具体功能实现包括:利用触发操作在屏幕上显示 "Single Click"、"Double Click" 和 "Long Press" 字样,并在长按时启用蜂鸣器。程序通过 LVGL 的绘图功能实现屏幕刷新,并通过简单的去抖动机制提高按键识别的准确性。此外,还设置了自动重启机制用于长时间运行的设备维护。
代码
09_LVGL_Keys_Bee.ino
#error "按键失灵时,请修改 USE_NEW_PIN_CONFIG 为 1 以使用新的引脚配置。运行代码时,请注释此行,If the key fails, change USE_NEW_PIN_CONFIG to 1 to use the new pin configuration.
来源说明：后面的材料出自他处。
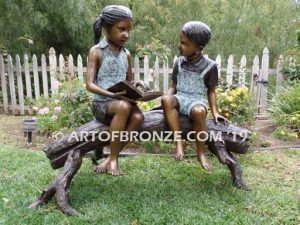 Favorite Teacher Large Bronze Statue of Kids Reading Book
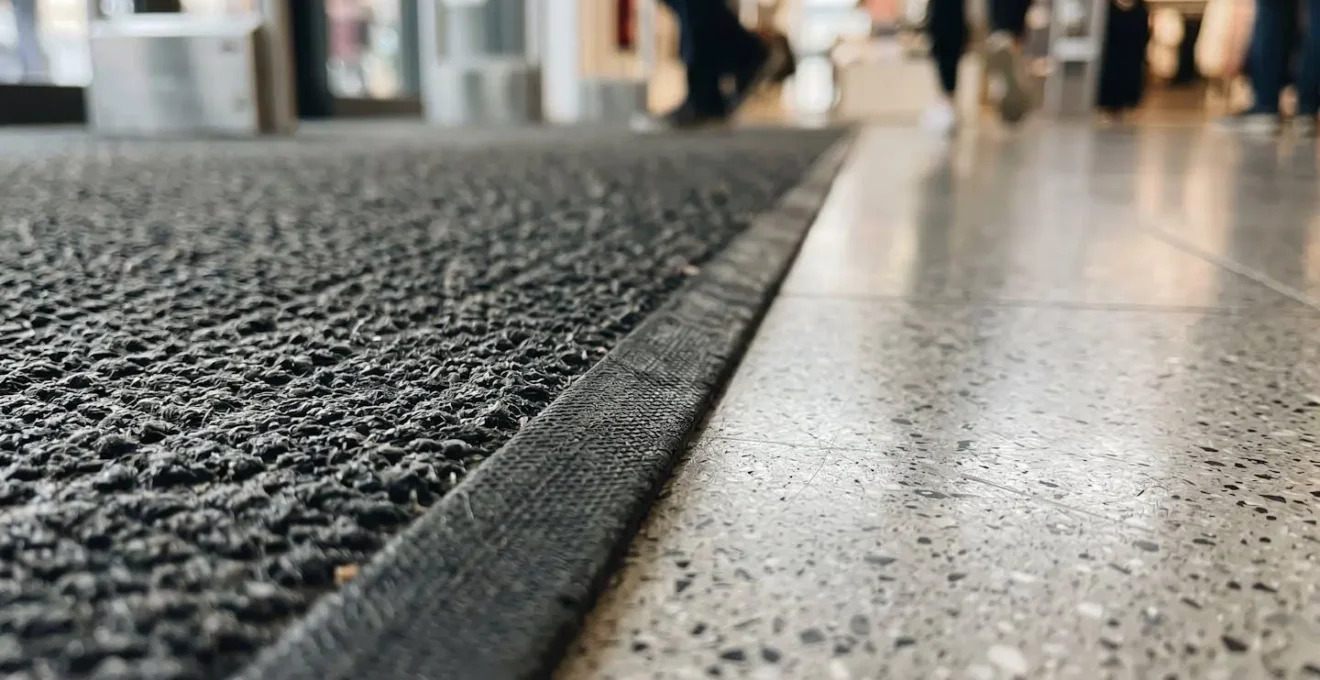 Zone d'entrée de commerce avec éléments de prévention contre les chutes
Comment this line as you run the code"
#include <lvgl.h>
#include "Arduino_GFX_Library.h"
#include "lv_conf.h"
#include "demos/lv_demos.h"
#include "pin_config.h"
#include <Wire.h>
#include "HWCDC.h"
HWCDC USBSerial;
/*To use the built-in examples and demos of LVGL uncomment the includes below respectively.
*You also need to copy `lvgl/examples` to `lvgl/src/examples`. Similarly for the demos `lvgl/demos` to `lvgl/src/demos`.
Note that the `lv_examples` library is for LVGL v7 and you shouldn't install it for this version (since LVGL v8)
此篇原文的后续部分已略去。